A turbulent month or so for RadioShack-Nissan is promising to finish with at least some form of compensation – after 17 stages the outfit from Luxembourg are in first place at the top of the team standings at the 2012 Tour de France and are desperate to hold on to that spot over the final three days of racing.

A troubled season hit a new low for the team earlier this week with the news that testers had made an adverse analytical finding in the urine sample of Frank Schleck. The man from Luxembourg, who finished in third place in last year’s Tour, immediately pulled out of this year’s race and has vowed to prove his innocence, but it was another blow for the team.

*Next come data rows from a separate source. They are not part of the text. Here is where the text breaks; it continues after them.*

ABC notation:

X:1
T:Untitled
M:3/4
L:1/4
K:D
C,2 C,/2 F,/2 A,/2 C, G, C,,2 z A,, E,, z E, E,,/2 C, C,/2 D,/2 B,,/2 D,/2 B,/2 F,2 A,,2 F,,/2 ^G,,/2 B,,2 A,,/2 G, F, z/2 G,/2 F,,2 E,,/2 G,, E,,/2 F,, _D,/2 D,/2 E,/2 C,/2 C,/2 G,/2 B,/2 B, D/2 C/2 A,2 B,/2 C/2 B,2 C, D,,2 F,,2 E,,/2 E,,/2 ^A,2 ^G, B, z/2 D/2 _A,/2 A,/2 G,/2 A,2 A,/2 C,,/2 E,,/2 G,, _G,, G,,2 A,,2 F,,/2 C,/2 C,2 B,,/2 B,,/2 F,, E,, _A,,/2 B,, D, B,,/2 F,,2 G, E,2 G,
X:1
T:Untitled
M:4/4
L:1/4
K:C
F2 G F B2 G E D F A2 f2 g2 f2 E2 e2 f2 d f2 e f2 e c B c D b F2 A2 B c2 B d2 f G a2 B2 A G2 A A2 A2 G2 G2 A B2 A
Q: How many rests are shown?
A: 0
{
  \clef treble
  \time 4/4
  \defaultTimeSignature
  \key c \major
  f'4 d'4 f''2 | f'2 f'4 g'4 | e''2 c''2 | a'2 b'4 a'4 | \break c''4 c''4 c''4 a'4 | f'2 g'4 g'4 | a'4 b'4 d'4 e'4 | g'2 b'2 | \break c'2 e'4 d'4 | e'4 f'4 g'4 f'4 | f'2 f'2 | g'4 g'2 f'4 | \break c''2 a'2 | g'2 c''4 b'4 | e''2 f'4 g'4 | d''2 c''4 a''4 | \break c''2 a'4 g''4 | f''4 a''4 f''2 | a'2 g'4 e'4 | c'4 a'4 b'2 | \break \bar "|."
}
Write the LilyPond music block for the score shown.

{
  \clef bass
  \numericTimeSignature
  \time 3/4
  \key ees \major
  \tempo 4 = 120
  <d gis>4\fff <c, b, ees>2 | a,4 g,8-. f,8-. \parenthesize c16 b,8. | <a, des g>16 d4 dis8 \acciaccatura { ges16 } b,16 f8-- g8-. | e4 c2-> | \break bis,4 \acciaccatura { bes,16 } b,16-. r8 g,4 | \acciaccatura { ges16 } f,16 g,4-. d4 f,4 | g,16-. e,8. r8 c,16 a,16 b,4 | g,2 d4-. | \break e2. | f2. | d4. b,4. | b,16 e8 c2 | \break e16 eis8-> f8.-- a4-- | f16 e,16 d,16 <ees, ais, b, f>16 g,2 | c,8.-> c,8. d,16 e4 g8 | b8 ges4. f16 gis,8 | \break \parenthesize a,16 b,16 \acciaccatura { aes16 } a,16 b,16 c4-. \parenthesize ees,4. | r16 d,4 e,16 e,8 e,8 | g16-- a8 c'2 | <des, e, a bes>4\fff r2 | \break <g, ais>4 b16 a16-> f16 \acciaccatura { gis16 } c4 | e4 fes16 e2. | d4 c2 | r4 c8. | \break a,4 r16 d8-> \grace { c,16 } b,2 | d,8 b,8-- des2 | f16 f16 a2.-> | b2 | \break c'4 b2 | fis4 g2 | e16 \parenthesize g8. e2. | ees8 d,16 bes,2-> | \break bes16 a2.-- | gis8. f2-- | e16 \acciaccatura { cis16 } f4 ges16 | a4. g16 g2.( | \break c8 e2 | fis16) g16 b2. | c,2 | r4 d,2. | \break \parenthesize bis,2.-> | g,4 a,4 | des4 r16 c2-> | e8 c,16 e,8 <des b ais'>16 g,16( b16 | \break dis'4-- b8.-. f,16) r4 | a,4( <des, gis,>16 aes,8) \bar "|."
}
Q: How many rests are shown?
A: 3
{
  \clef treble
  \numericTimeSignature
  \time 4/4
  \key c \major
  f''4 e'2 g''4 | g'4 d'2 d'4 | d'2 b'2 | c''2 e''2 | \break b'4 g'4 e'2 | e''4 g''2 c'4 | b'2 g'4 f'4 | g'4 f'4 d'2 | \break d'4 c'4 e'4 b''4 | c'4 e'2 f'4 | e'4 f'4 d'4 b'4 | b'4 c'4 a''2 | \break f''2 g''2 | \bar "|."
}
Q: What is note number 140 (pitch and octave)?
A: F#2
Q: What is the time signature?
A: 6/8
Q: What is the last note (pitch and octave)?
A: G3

RadioShack has endured disappointing results over the season as a whole and were also rocked by USADA’s charges brought against sporting director Johan Bruyneel last month.

As they look to consolidate their position at the top of the standings, the team will be handicapped on Saturday’s penultimate stage by the loss of star time triallist Fabian Cancellara, who won the opening prologue but left the Tour a few days later to be present for the birth of his second child. But team success has become a priority for all their riders, including Chris Horner.

Horner was the best-placed RadioShack rider in Thursday’s gruelling Pyrenean mountain stage from Bagnères-de-Luchon to Peyragudes. The veteran American finished in ninth place behind stage winner Alejandro Valverde, Chris Froome and Bradley Wiggins (both Sky), and he told the official team website that he was satisfied with the result and was ever mindful of keeping something in the tank in order to safeguard his team’s position in the final push to Paris on Sunday.

“I just didn’t have the desire to kill myself in the last few kilometres today,” he said. “It wouldn’t have helped my GC position so it was better for me to do my own tempo, protect our team classification and not blow up. I was at 375 and 400 watts but I would have needed to go 450 to catch those guys.

“I had many good stages this Tour and today I had a good result from those efforts. My role in the early part of this Tour was to go in breaks and cover some finishes, so my overall results don’t reflect the way I’ve ridden this Tour, but that was my job and I like to think I did it well.”